Statistics Seminar Speaker: Anru Zhang, 12/04/2019

Event Layout

Wednesday Dec 04 2019

Statistics Seminar Speaker: Anru Zhang, 12/04/2019

4:15pm @ G01 Biotechnology

The Statistics Seminar speaker for Wednesday, December 4, 2019, will be Anru Zhang, an assistant professor at the Department of Statistics, University of Wisconsin-Madison. He is also affiliated to Machine Learning Group and Institute for Foundations of Data Science at UW-Madison. He obtained the PhD degree from University of Pennsylvania in 2015 and a bachelor’s degree from Peking University in 2010. His current research interests include Statistical Learning Theory, High-dimensional Statistical Inference, Tensor Data Analysis. His research is partially supported by grants from the National Science Foundation and the National Institute of Health.

Talk: Efficient and Optimal Tensor Supervised Learning via Importance Sketching

Abstract: The past decade has seen a large body of work on high-dimensional tenors or multiway arrays that arise in numerous applications. In many of these settings, the tensor of interest is high-dimensional in that the ambient dimension is substantially larger than the sample size. Oftentimes, however, the tensor comes with natural low-rank or sparsity structures. How to exploit such structures of tensors poses new statistical and computational challenges.

In this talk, we develop a novel procedure for low-rank tensor supervised learning, namely Importance Sketching Low-rank Estimation for Tensors (ISLET), to address these challenges. The central idea behind ISLET is what we call importance sketching, carefully designed sketches based on both the responses and the structures of the parameter of interest.

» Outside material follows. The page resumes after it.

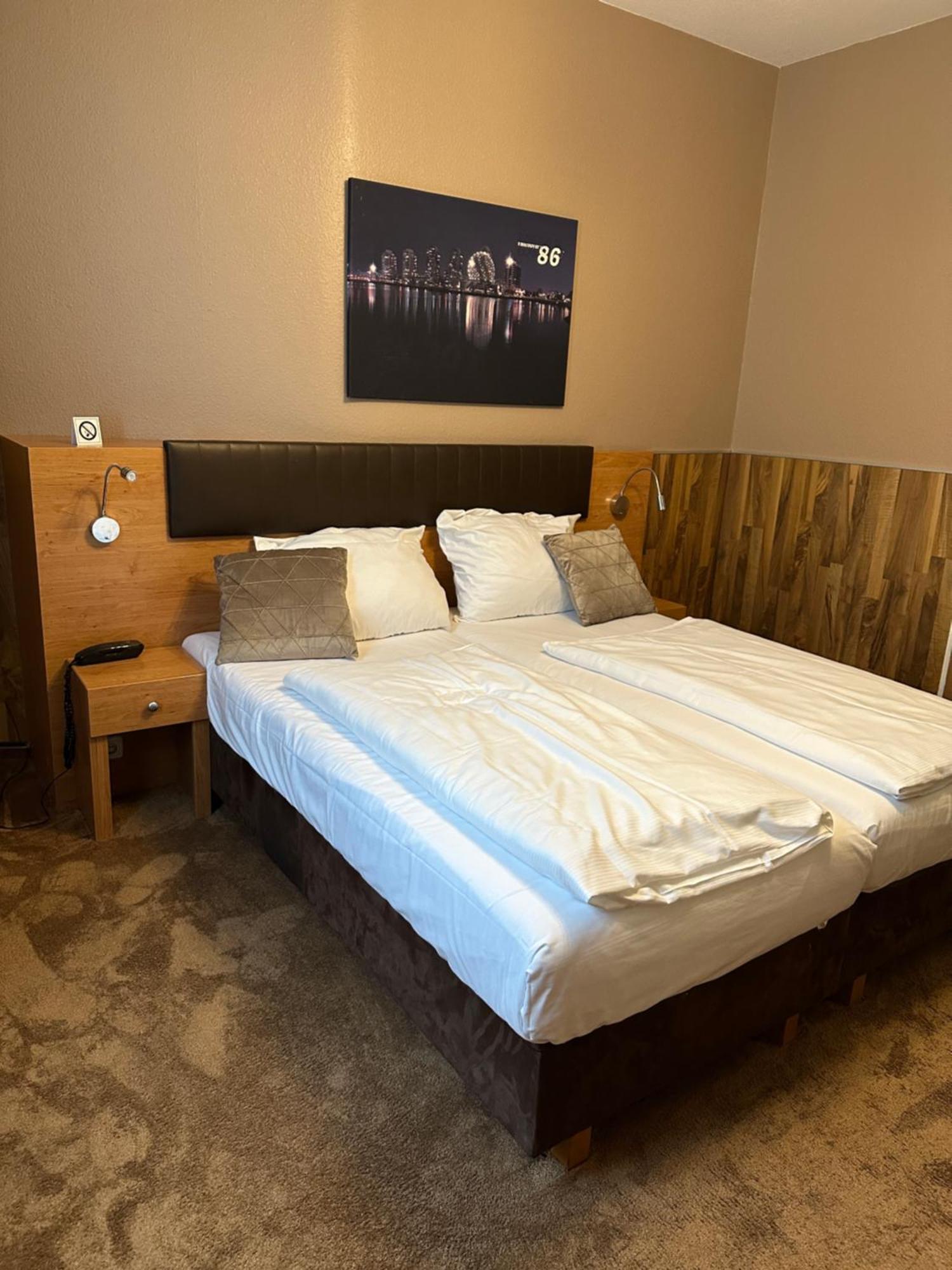 Hotel Expo Frankfurt City Centre Франкфурт на Майн Екстериор снимка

We show that our estimating method is sharply minimax optimal in terms of the mean-squared error under low-rank Tucker assumptions. In addition, if a tensor is low-rank with group sparsity, our procedure also achieves minimax optimality. Further, we show through numerical studies that ISLET achieves comparable mean-squared error performance to existing state-of-the-art methods whilst having substantial storage and run-time advantages. In particular, our procedure performs reliable tensor estimation with tensors of dimension p = O(10^8) and is 1 or 2 orders of magnitude faster than baseline methods.